Se quisermos voltar ao início da narrativa, é-nos dado o foco num François que já numa «triste juventude» se fazia acompanhar do escritor e crítico de arte francês Joris-Karl Huysmans, a quem dedicaria mais tarde a sua tese de doutoramento, defendida na Universidade de Paris IV – Sorbonne. Em determinado momento, no livro, é dito: «É curioso (…) como ficamos próximos dos autores a quem consagrámos o início da nossa vida».
Tal como François, Huysmans permaneceu sempre solteiro. Mas, ao contrário de François, ateu, Huysmans surge relevante sobretudo pela sua conversão religiosa. A sua obra, eminentemente uma apologia da arte cristã, constitui um espólio riquíssimo sobre a tradição e o pensamento cristãos do século XIX. E, à medida que o romance de Houellebecq avança, vamos conhecendo melhor François e os seus paralelos e assimetrias detetados na vida de Huysmans, com vantagem para a reflexão que se vai fazendo sobre a literatura: «(…) só a literatura nos pode dar aquela sensação de contacto com outro espírito humano, com a totalidade desse espírito (…)». François vai mais longe e diz que «(…) nunca nos entregamos, durante uma conversa, tão inteiramente como perante uma folha vazia, dirigindo-nos a um destinatário desconhecido».

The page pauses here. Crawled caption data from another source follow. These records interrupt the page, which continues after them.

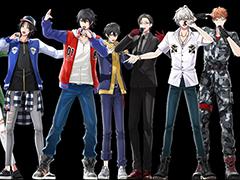 �֥ҥץޥ���3DCG�饤�֤Υ����åȰ��������������߼��դ����ϡ�3DCG�����줿�ǥ��ӥ������С�����������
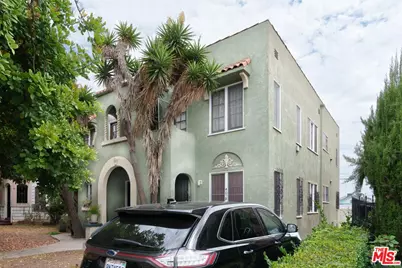 4056 W 21st St #4056-4058, Los Angeles, CA 90018 - Photo 1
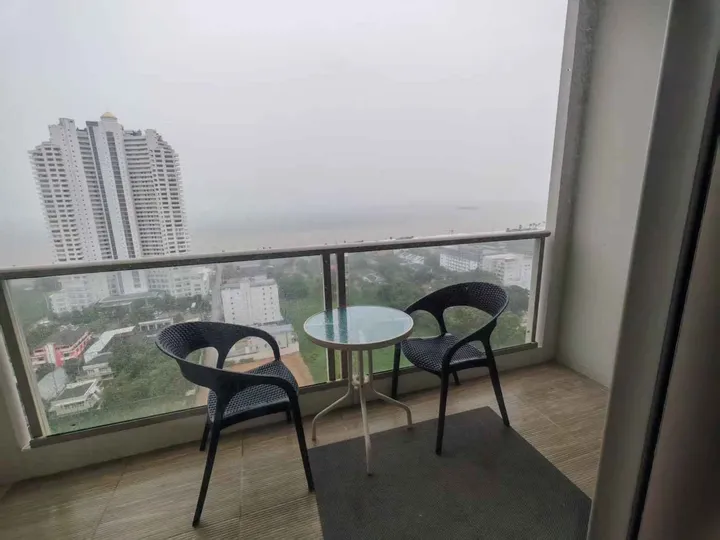 Studio for rent at The Riviera Jomtien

Na sua Submissão, Houellebecq explora em paralelo o combate religioso e, com a ironia que lhe é naturalmente inerente, a sujeição e a dedicação – na verdade, a submissão, não havendo palavra melhor – das mulheres face aos homens. Chega a realçar que «(…) o máximo da felicidade humana reside na submissão mais absoluta», fazendo o paralelo da submisso da mulher ao homem à «(…) do homem a Deus, tal como é encarada no islão».
Este romance de Houellebecq, que através do título Submissão lança o principal tópico de abordagem para as questões essenciais que coloca, materializa um importante ponto de partida para refletir o sistema político tradicional das democracias do Ocidente, destinadas a uma alternância contínua e desde tempos imemoráveis entre o centro-esquerda e o centro-direita, e os processos de voto a ele subjacentes. Mas é, sobretudo, uma reflexão sobre as idiossincrasias das relações entre o Ocidente e o Oriente e a sobrevivência da própria Europa. É uma pergunta política, e ao mesmo tempo cultural e identitária, à própria Europa e à possibilidade (evidência?) de a mesma ter, afinal, já morrido e não ter sequer condições para se salvar.
Houellebecq é, de facto, um pensador temerário. Venha o próximo deste clube de leitura!